WORK ORDER: All entries are to be reproduced exactly; the pictures are to be omitted.

THE INPUT:

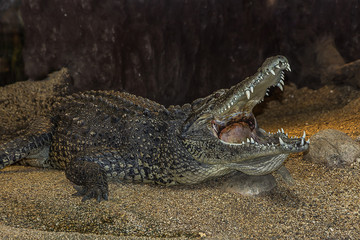 large crocodile lies on the sand with its mouth open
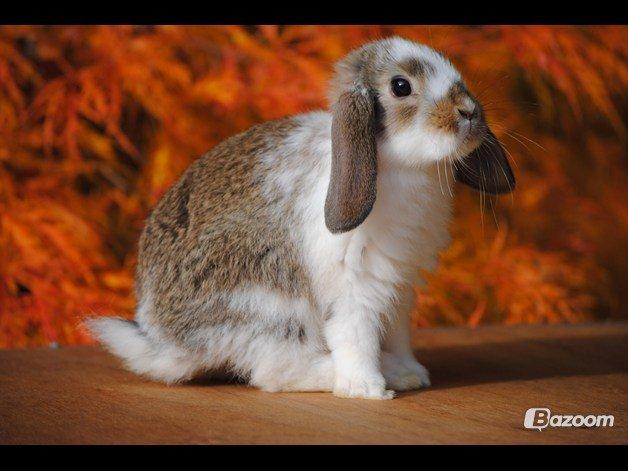 Kanin Strandvejs Tin Tin billede 7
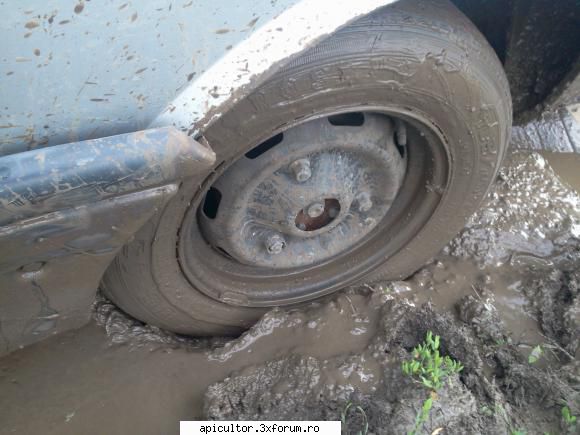 Stadiul de dezvoltare a albinelor - =( lipsa unui 4X4 isi spune cuvantul.Dar pot - INTRETINEREA ALBINELOR
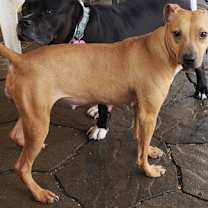 Thumbnail photo of Leah #3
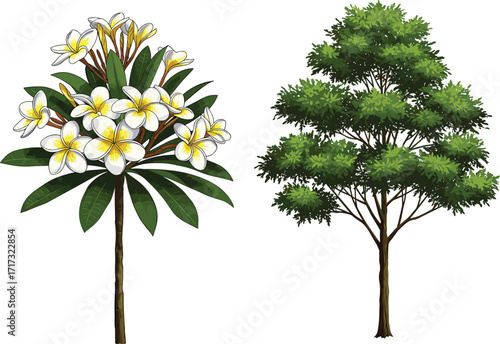 Plumeria flowering tree and leafy deciduous tree illustration with foliage contrast, botanical nature concept for seasonal vector landscape design artwork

RESULT OF THIS EXERCISE:
 large crocodile lies on the sand with its mouth open
 Kanin Strandvejs Tin Tin billede 7
 Stadiul de dezvoltare a albinelor - =( lipsa unui 4X4 isi spune cuvantul.Dar pot - INTRETINEREA ALBINELOR
 Thumbnail photo of Leah #3
 Plumeria flowering tree and leafy deciduous tree illustration with foliage contrast, botanical nature concept for seasonal vector landscape design artwork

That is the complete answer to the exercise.